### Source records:

-=-=-

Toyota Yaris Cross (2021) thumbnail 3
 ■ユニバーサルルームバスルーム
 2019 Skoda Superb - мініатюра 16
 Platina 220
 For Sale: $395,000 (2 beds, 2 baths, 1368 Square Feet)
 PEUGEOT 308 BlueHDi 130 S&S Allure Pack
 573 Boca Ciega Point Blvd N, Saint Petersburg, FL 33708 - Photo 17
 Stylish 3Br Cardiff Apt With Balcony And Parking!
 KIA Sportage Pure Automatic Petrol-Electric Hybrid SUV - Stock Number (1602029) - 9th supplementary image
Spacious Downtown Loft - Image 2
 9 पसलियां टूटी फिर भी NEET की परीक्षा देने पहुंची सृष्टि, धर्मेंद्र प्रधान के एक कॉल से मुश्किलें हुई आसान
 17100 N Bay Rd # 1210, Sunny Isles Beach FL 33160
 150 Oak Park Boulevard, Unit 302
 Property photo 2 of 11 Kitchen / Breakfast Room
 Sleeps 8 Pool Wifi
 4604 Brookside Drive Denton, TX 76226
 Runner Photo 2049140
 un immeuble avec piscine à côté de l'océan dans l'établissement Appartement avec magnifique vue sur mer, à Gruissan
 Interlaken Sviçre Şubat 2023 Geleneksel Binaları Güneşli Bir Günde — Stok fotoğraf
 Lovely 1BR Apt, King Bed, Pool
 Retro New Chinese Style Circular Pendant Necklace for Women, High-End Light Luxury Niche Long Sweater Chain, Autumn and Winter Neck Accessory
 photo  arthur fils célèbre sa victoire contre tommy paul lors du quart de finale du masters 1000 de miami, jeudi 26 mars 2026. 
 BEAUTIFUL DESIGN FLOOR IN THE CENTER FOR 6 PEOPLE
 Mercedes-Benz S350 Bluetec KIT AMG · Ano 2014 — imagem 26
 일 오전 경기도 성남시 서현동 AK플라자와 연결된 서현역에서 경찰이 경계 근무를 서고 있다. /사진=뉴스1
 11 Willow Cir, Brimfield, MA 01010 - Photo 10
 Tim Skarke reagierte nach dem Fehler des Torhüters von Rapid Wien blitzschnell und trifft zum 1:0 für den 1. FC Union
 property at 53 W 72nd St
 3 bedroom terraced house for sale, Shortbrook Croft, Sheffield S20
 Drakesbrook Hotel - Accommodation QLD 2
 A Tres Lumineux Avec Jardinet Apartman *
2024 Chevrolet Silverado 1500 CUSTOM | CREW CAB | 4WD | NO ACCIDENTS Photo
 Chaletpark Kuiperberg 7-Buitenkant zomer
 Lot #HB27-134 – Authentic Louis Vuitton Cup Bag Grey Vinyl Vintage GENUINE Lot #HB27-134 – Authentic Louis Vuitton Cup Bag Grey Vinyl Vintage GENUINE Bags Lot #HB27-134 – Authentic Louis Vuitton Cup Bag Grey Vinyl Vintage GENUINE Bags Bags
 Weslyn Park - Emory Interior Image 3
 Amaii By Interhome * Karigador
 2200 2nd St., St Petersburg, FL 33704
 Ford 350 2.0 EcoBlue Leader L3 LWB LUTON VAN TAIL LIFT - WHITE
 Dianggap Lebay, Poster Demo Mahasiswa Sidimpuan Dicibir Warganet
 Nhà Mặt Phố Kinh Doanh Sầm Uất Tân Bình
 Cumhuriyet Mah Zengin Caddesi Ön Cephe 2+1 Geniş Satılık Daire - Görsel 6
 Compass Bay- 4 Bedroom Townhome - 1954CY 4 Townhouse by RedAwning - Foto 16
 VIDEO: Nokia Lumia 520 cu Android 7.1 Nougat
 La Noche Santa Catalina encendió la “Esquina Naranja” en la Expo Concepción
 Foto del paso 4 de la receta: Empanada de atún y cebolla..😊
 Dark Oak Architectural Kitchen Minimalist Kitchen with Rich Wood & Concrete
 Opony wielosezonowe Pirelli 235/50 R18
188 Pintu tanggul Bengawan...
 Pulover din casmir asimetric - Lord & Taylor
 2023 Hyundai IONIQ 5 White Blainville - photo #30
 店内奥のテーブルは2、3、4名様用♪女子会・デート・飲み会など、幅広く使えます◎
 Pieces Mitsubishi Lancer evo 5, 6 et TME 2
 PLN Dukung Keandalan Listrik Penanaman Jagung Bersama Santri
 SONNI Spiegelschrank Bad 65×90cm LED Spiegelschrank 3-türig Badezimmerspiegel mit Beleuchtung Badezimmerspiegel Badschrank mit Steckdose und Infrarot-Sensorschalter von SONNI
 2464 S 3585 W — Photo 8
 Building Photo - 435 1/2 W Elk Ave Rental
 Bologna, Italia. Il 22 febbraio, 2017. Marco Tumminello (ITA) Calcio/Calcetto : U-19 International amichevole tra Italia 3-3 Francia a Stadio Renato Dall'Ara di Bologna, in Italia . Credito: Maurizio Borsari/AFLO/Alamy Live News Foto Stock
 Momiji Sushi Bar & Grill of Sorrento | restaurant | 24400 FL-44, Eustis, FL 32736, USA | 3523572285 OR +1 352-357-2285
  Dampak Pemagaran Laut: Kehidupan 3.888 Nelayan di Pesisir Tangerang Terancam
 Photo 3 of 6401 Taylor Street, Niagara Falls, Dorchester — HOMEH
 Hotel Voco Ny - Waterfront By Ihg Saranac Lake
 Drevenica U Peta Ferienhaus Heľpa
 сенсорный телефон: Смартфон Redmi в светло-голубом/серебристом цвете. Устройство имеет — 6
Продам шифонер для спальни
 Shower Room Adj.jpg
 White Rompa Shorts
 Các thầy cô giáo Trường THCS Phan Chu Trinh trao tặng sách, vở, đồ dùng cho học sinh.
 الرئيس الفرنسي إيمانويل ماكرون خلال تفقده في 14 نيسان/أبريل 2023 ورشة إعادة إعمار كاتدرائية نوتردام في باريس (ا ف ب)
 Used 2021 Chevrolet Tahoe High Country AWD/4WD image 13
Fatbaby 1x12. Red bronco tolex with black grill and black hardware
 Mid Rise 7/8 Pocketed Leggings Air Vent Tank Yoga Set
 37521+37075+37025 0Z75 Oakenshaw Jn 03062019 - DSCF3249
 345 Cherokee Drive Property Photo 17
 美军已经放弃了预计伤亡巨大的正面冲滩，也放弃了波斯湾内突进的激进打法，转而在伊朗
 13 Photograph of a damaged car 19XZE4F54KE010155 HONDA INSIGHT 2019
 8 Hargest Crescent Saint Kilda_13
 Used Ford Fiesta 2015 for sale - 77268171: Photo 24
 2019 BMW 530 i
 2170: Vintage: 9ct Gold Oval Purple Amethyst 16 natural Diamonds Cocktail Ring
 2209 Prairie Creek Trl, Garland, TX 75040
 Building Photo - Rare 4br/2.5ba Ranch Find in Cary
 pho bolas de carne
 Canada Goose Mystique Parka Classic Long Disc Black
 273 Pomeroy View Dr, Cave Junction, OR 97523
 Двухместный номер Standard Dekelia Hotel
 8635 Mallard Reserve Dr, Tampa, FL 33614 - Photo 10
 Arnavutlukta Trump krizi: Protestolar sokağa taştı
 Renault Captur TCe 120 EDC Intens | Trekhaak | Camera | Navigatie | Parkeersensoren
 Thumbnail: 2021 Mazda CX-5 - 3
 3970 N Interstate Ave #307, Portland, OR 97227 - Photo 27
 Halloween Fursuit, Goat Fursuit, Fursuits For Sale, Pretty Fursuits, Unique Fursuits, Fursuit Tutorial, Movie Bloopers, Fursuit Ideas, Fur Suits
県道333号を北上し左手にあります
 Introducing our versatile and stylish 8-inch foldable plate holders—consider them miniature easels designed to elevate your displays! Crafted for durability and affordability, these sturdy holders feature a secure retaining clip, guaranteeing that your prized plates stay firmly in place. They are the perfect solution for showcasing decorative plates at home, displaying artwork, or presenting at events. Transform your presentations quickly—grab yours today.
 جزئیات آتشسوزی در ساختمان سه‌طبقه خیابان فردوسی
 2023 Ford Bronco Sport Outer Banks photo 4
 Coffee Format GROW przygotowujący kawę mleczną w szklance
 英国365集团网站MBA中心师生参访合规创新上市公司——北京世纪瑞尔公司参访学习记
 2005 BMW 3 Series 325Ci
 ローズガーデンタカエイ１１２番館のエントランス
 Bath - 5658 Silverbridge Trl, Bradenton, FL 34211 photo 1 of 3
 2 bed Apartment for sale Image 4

-=-=-

### YOUR TASK:
Both end lines included, restate word for word the lines above from the line with "Canada Goose Mystique" to the line with "Thumbnail: 2021 Mazda CX-5 - 3", and nothing else.

### ANSWER BELOW:
 Canada Goose Mystique Parka Classic Long Disc Black
 273 Pomeroy View Dr, Cave Junction, OR 97523
 Двухместный номер Standard Dekelia Hotel
 8635 Mallard Reserve Dr, Tampa, FL 33614 - Photo 10
 Arnavutlukta Trump krizi: Protestolar sokağa taştı
 Renault Captur TCe 120 EDC Intens | Trekhaak | Camera | Navigatie | Parkeersensoren
 Thumbnail: 2021 Mazda CX-5 - 3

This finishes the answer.